*ASSIGNED TASK*: Each line must appear in the answer exactly as it does in the data.
━━━ GIVEN INFORMATION ━━━
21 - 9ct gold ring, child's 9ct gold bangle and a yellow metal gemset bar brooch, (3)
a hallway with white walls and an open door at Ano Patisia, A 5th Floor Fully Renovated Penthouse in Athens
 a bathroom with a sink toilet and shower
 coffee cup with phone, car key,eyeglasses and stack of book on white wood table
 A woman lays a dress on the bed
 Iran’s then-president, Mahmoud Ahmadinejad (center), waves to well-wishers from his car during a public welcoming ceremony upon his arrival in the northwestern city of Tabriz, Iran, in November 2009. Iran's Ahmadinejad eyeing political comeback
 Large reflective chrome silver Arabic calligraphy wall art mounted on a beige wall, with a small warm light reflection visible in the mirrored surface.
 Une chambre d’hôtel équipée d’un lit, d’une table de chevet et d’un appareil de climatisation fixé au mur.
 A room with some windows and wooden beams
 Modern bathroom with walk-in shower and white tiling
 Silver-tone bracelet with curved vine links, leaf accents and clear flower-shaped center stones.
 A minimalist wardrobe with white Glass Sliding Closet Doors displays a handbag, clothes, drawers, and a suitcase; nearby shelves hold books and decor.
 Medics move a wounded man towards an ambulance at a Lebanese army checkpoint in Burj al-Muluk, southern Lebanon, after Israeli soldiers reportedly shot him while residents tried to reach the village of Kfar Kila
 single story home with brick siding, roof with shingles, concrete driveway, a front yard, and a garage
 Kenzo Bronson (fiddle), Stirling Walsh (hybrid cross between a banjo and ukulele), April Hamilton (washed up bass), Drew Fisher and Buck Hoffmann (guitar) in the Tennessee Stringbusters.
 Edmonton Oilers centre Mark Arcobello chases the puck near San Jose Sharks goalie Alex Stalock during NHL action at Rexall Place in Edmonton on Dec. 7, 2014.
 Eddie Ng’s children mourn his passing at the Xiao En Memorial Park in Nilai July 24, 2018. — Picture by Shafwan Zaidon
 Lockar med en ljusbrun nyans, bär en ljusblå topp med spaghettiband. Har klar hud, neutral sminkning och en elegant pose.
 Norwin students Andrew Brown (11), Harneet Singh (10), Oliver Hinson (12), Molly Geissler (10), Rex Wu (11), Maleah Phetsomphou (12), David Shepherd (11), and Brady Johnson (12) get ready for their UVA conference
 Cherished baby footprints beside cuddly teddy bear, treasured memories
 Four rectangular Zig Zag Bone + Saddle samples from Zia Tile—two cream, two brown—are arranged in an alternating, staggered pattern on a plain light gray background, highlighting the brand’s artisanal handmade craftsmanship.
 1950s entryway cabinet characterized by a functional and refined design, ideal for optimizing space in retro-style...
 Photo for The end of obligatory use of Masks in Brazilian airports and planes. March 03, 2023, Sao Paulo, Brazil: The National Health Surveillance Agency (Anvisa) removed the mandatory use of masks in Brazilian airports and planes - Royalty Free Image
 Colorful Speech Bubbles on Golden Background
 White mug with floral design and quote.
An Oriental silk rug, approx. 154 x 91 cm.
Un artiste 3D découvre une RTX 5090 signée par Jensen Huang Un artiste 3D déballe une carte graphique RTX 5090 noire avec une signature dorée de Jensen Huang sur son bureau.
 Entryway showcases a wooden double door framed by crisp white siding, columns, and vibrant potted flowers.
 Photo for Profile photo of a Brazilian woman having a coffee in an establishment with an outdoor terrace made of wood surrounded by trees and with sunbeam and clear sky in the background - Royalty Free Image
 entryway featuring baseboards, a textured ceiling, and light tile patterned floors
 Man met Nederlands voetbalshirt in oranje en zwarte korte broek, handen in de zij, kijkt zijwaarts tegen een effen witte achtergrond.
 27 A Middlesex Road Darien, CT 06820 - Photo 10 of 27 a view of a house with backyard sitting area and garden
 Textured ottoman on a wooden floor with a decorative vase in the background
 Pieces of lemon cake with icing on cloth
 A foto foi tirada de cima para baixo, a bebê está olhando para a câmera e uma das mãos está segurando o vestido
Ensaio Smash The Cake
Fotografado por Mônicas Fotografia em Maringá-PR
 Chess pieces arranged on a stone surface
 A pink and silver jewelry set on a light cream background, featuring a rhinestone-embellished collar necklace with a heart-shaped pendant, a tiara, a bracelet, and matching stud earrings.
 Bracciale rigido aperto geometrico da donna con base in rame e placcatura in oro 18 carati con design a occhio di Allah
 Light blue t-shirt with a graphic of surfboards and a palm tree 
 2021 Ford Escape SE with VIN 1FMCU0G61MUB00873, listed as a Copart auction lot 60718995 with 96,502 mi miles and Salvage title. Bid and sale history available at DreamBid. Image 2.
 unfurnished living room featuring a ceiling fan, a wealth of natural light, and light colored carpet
━━━
*YOUR SOLUTION*:
21 - 9ct gold ring, child's 9ct gold bangle and a yellow metal gemset bar brooch, (3)
a hallway with white walls and an open door at Ano Patisia, A 5th Floor Fully Renovated Penthouse in Athens
 a bathroom with a sink toilet and shower
 coffee cup with phone, car key,eyeglasses and stack of book on white wood table
 A woman lays a dress on the bed
 Iran’s then-president, Mahmoud Ahmadinejad (center), waves to well-wishers from his car during a public welcoming ceremony upon his arrival in the northwestern city of Tabriz, Iran, in November 2009. Iran's Ahmadinejad eyeing political comeback
 Large reflective chrome silver Arabic calligraphy wall art mounted on a beige wall, with a small warm light reflection visible in the mirrored surface.
 Une chambre d’hôtel équipée d’un lit, d’une table de chevet et d’un appareil de climatisation fixé au mur.
 A room with some windows and wooden beams
 Modern bathroom with walk-in shower and white tiling
 Silver-tone bracelet with curved vine links, leaf accents and clear flower-shaped center stones.
 A minimalist wardrobe with white Glass Sliding Closet Doors displays a handbag, clothes, drawers, and a suitcase; nearby shelves hold books and decor.
 Medics move a wounded man towards an ambulance at a Lebanese army checkpoint in Burj al-Muluk, southern Lebanon, after Israeli soldiers reportedly shot him while residents tried to reach the village of Kfar Kila
 single story home with brick siding, roof with shingles, concrete driveway, a front yard, and a garage
 Kenzo Bronson (fiddle), Stirling Walsh (hybrid cross between a banjo and ukulele), April Hamilton (washed up bass), Drew Fisher and Buck Hoffmann (guitar) in the Tennessee Stringbusters.
 Edmonton Oilers centre Mark Arcobello chases the puck near San Jose Sharks goalie Alex Stalock during NHL action at Rexall Place in Edmonton on Dec. 7, 2014.
 Eddie Ng’s children mourn his passing at the Xiao En Memorial Park in Nilai July 24, 2018. — Picture by Shafwan Zaidon
 Lockar med en ljusbrun nyans, bär en ljusblå topp med spaghettiband. Har klar hud, neutral sminkning och en elegant pose.
 Norwin students Andrew Brown (11), Harneet Singh (10), Oliver Hinson (12), Molly Geissler (10), Rex Wu (11), Maleah Phetsomphou (12), David Shepherd (11), and Brady Johnson (12) get ready for their UVA conference
 Cherished baby footprints beside cuddly teddy bear, treasured memories
 Four rectangular Zig Zag Bone + Saddle samples from Zia Tile—two cream, two brown—are arranged in an alternating, staggered pattern on a plain light gray background, highlighting the brand’s artisanal handmade craftsmanship.
 1950s entryway cabinet characterized by a functional and refined design, ideal for optimizing space in retro-style...
 Photo for The end of obligatory use of Masks in Brazilian airports and planes. March 03, 2023, Sao Paulo, Brazil: The National Health Surveillance Agency (Anvisa) removed the mandatory use of masks in Brazilian airports and planes - Royalty Free Image
 Colorful Speech Bubbles on Golden Background
 White mug with floral design and quote.
An Oriental silk rug, approx. 154 x 91 cm.
Un artiste 3D découvre une RTX 5090 signée par Jensen Huang Un artiste 3D déballe une carte graphique RTX 5090 noire avec une signature dorée de Jensen Huang sur son bureau.
 Entryway showcases a wooden double door framed by crisp white siding, columns, and vibrant potted flowers.
 Photo for Profile photo of a Brazilian woman having a coffee in an establishment with an outdoor terrace made of wood surrounded by trees and with sunbeam and clear sky in the background - Royalty Free Image
 entryway featuring baseboards, a textured ceiling, and light tile patterned floors
 Man met Nederlands voetbalshirt in oranje en zwarte korte broek, handen in de zij, kijkt zijwaarts tegen een effen witte achtergrond.
 27 A Middlesex Road Darien, CT 06820 - Photo 10 of 27 a view of a house with backyard sitting area and garden
 Textured ottoman on a wooden floor with a decorative vase in the background
 Pieces of lemon cake with icing on cloth
 A foto foi tirada de cima para baixo, a bebê está olhando para a câmera e uma das mãos está segurando o vestido
Ensaio Smash The Cake
Fotografado por Mônicas Fotografia em Maringá-PR
 Chess pieces arranged on a stone surface
 A pink and silver jewelry set on a light cream background, featuring a rhinestone-embellished collar necklace with a heart-shaped pendant, a tiara, a bracelet, and matching stud earrings.
 Bracciale rigido aperto geometrico da donna con base in rame e placcatura in oro 18 carati con design a occhio di Allah
 Light blue t-shirt with a graphic of surfboards and a palm tree 
 2021 Ford Escape SE with VIN 1FMCU0G61MUB00873, listed as a Copart auction lot 60718995 with 96,502 mi miles and Salvage title. Bid and sale history available at DreamBid. Image 2.
 unfurnished living room featuring a ceiling fan, a wealth of natural light, and light colored carpet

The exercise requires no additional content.